Le professeur Guillebaud pense que la douleur peut être en partie due aux crampes de l'utérus. De son côté, le directeur de la douleur gynécologique à l'université de Northshore (Etats-Unis), Frank Tu, estime qu'il s'agit plutôt d'une combinaison de stimuli sensoriels, d'inflammation utérine locale et de problèmes de circulation sanguine utérine.

En revanche du côté de l'endométriose, certaines réponses peuvent être appportées, même si il reste beaucoup de connaissances à acquérir. En effet, l'endométriose est une maladie liée à des saignements rétrogrades pendant les règles, provoquand le dépôt de muqueuse utérine en dehors de l'utérus. Celle-ci peut se développer sur les organes alentour. Comme ce tissu est sensible aux variations hormonales, il est douloureux et saigne pendant les périodes menstruelles, provoquant de fortes douleurs.

Pourtant, si l'on connaît les mécanismes de la maladie, personne n'est capable d'expliquer pourquoi certaines femmes souffrent d'endométriose et d'autres non.

Un sujet encore tabou

Les traitements pouvant aider les femmes pour leurs douleurs menstruelles sont très limités. Elles peuvent simplement soulager leurs symptômes à l'aide d'analgésiques ou d'anti-inflammatoires comme l'ibuprofène, grâce à la pilule contraceptive, qui peut réduire le flux des règles, ou encore avec un stérilet. Mais les solutions ciblées sont rares.
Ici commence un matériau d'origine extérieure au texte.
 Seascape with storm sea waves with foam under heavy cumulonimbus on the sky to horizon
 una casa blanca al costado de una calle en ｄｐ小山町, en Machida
Richard Legro, a pu découvrir, avec ses collègues, que le sildénafil (Viagra®) peut aider à soulager la dysménorrhée. "Nous pensons que nous avons apporté une contribution majeure au traitement que les praticiens de premier recours pourraient utiliser".

Cependant, avant de pouvoir être utilisé comme traitement, il faudrait encore effectuer beaucoup de recherches. Or, comme l'explique le chercheur, il a "proposé trois ou quatre fois le sujet mais il est toujours rejeté. Personne ne pense que les crampes menstruelles sont un problème important".

A ce jour, les médecins en contact direct avec les patientes ne prennent pas la douleur des règles au sérieux. Comme le souligne Guillebaud, "bizarrement, je constate cela chez les médecins des deux sexes. Les hommes ne connaissent pas ce problème et ils sous-estiment sa gravité. Et certaines femmes médecins n'ont pas beaucoup d'empathie parce qu'elles-mêmes ne souffrent pas trop et pensent que certaines patientes exagèrent".

Pour ces trois experts, les femmes ne doivent plus souffrir en silence et doivent pousser la communauté scientifique à reconnaître leur douleur.